Other companies are investigating even more efficient ways of capturing the sun’s energy, for example the use of long parabolic mirrors to focus light on to a thin tube carrying a liquid, which gets hot enough to drive a steam turbine and generate electricity. Spanish and German companies are installing large-scale solar power plants of this type in North Africa, Spain and the south-west of America; on hot summer afternoons in California, solar power stations are probably already financially competitive with coal. Europe, meanwhile, could get most of its electricity from plants in the Sahara desert. We would need new long-distance power transmission but the technology for providing this is advancing fast, and the countries of North Africa would get a valuable new source of income.
Myth 2: Large-scale wind power is too unreliable
Actually, during some periods earlier this year the wind provided almost 40% of Spanish power. Parts of northern Germany generate more electricity from wind than they actually need. Northern Scotland, blessed with some of the best wind speeds in Europe, could easily generate 10% or even 15% of the UK’s electricity needs at a cost that would comfortably match today’s fossil fuel prices.
The intermittency of wind power does mean that we would need to run our electricity grids in a very different way. To provide the most reliable electricity, Europe needs to build better connections between regions and countries; those generating a surplus of wind energy should be able to export it easily to places where the air is still.
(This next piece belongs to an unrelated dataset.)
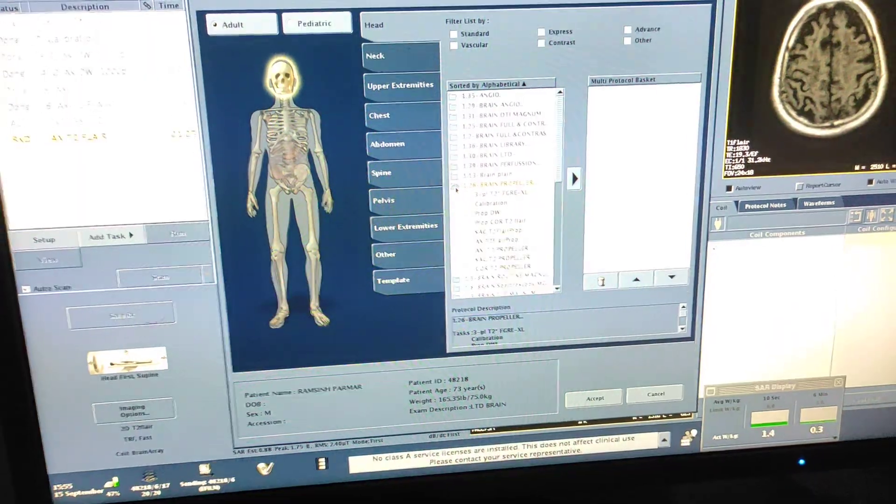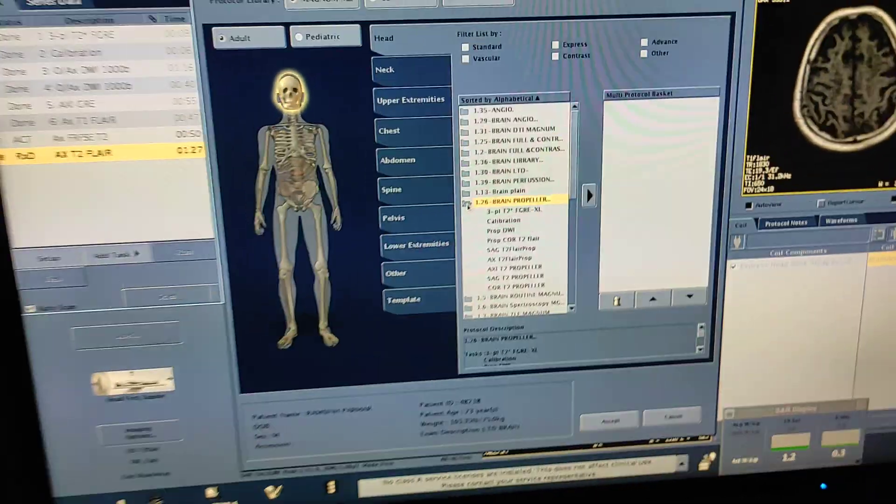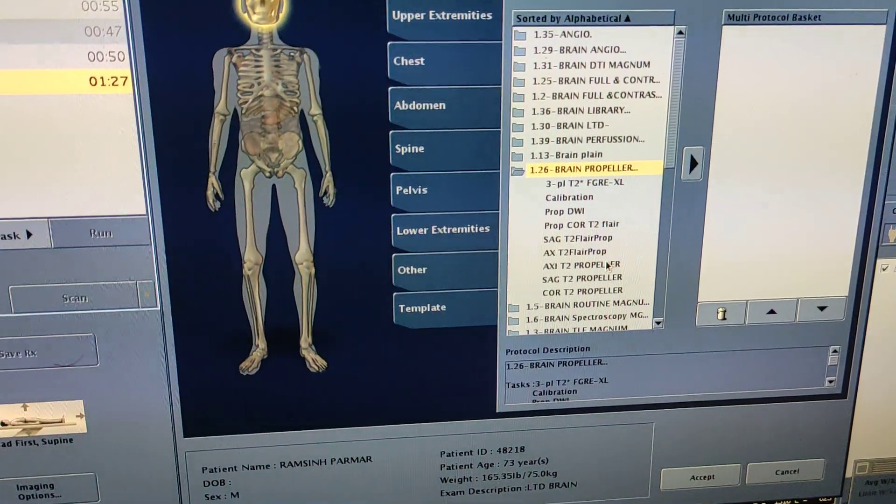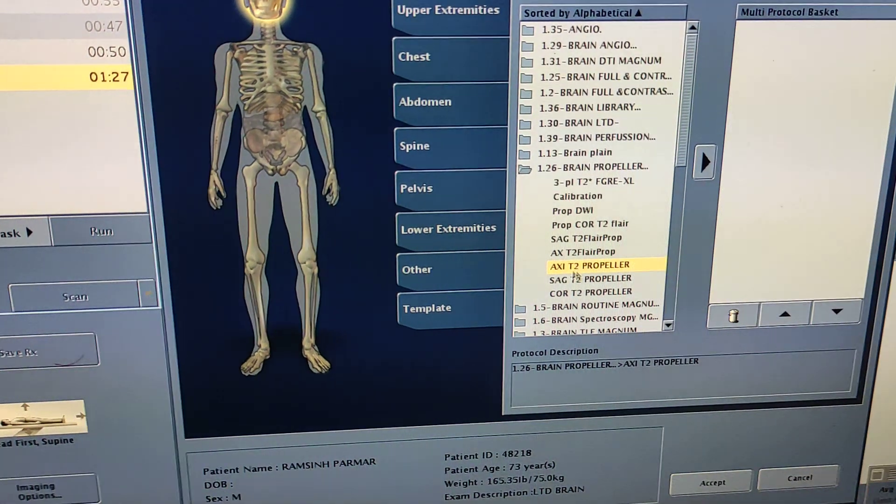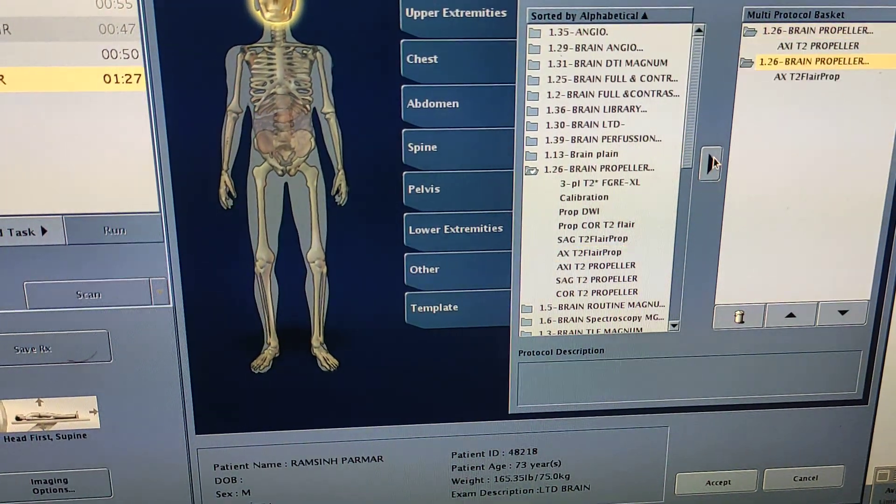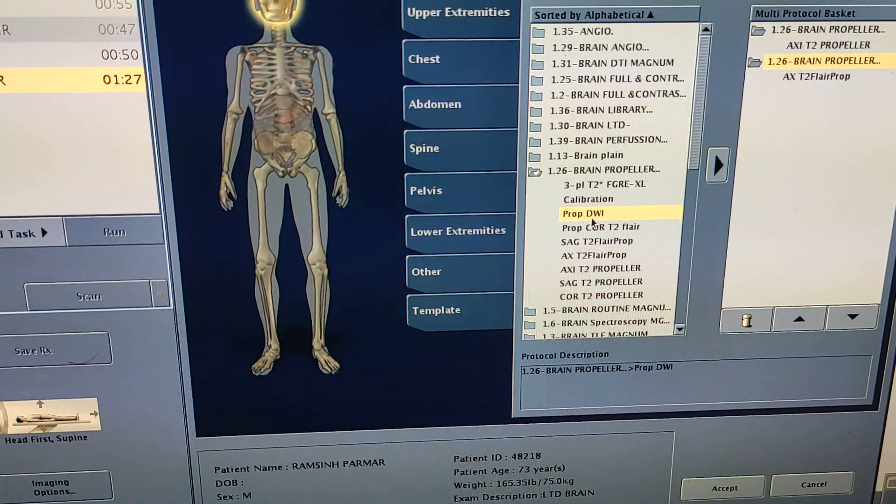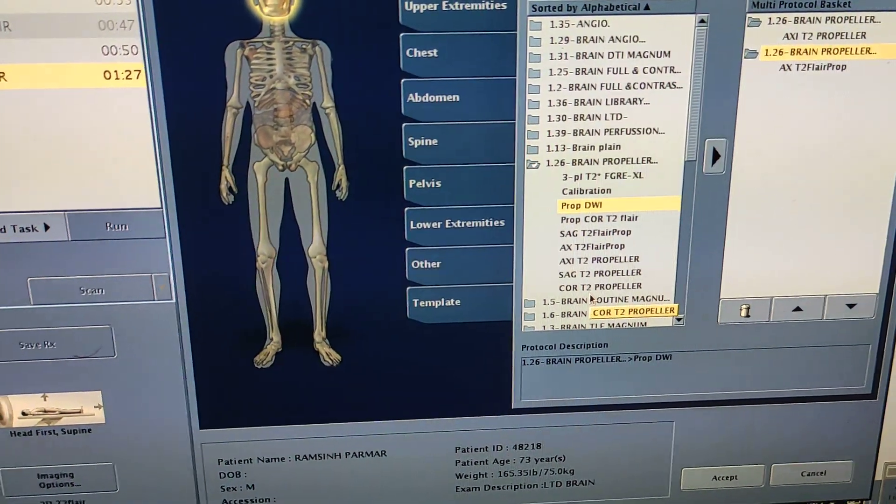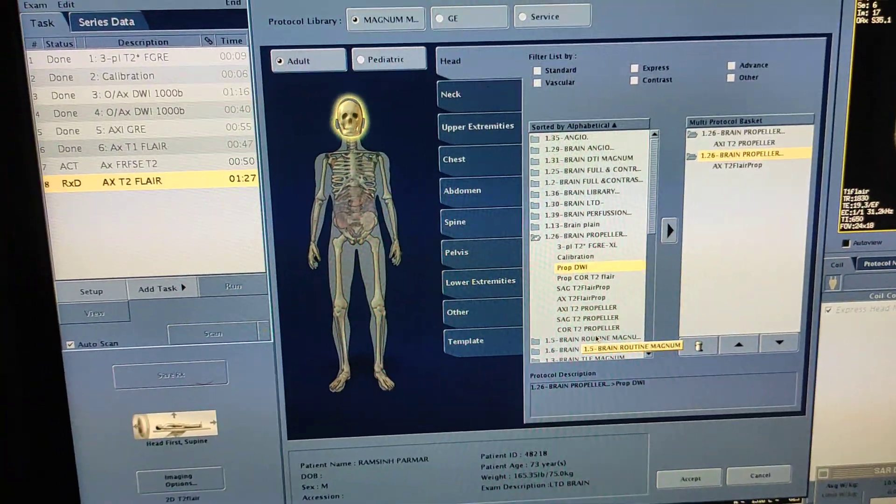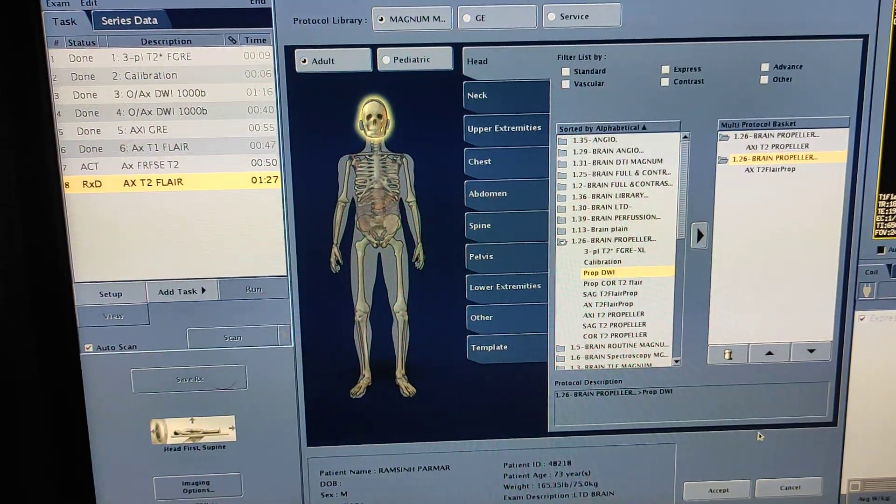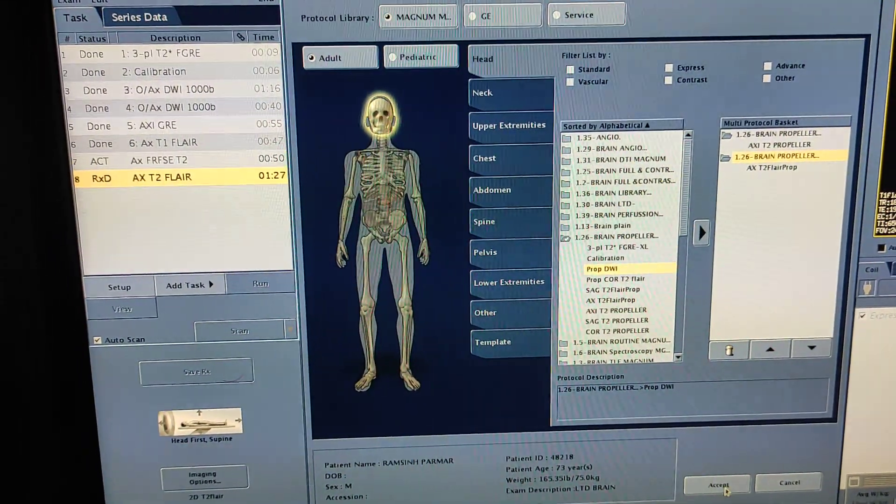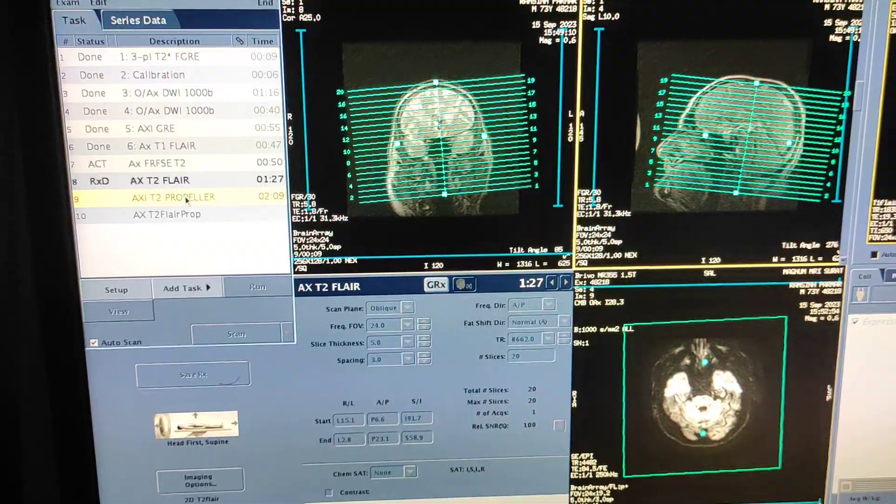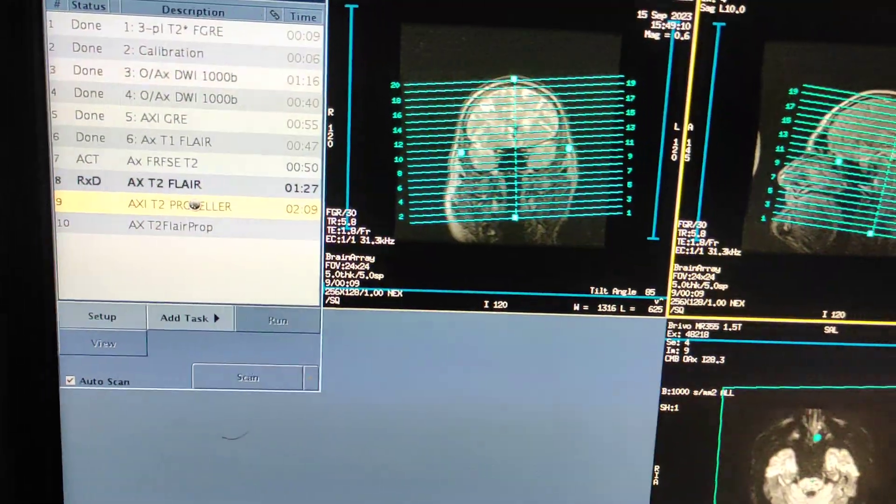Here is my propeller protocol. You can see the sequences: axial T2 propeller, axial FLAIR propeller, DWI propeller, sagittal to coronal T2. Axial T1 and axial GRE - propeller is not there, so I cannot take propeller for those sequences.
The UK must invest in transmission cables, probably offshore, that bring Scottish wind-generated electricity to the power-hungry south-east and then continue on to Holland and France. The electricity distribution system must be Europe-wide if we are to get the maximum security of supply.
We will also need to invest in energy storage. At the moment we do this by
pumping water uphill at times of surplus and letting it flow back down the mountain when power is scarce. Other countries are talking of developing “smart grids” that provide users with incentives to consume less electricity when wind speeds are low. Wind power is financially viable today in many countries, and it will become cheaper as turbines continue to grow in size, and manufacturers drive down costs. Some projections see more than 30% of the world’s electricity eventually coming from the wind. Turbine manufacture and installation are also set to become major sources of employment, with one trade body predicting that the sector will generate 2m jobs worldwide by 2020.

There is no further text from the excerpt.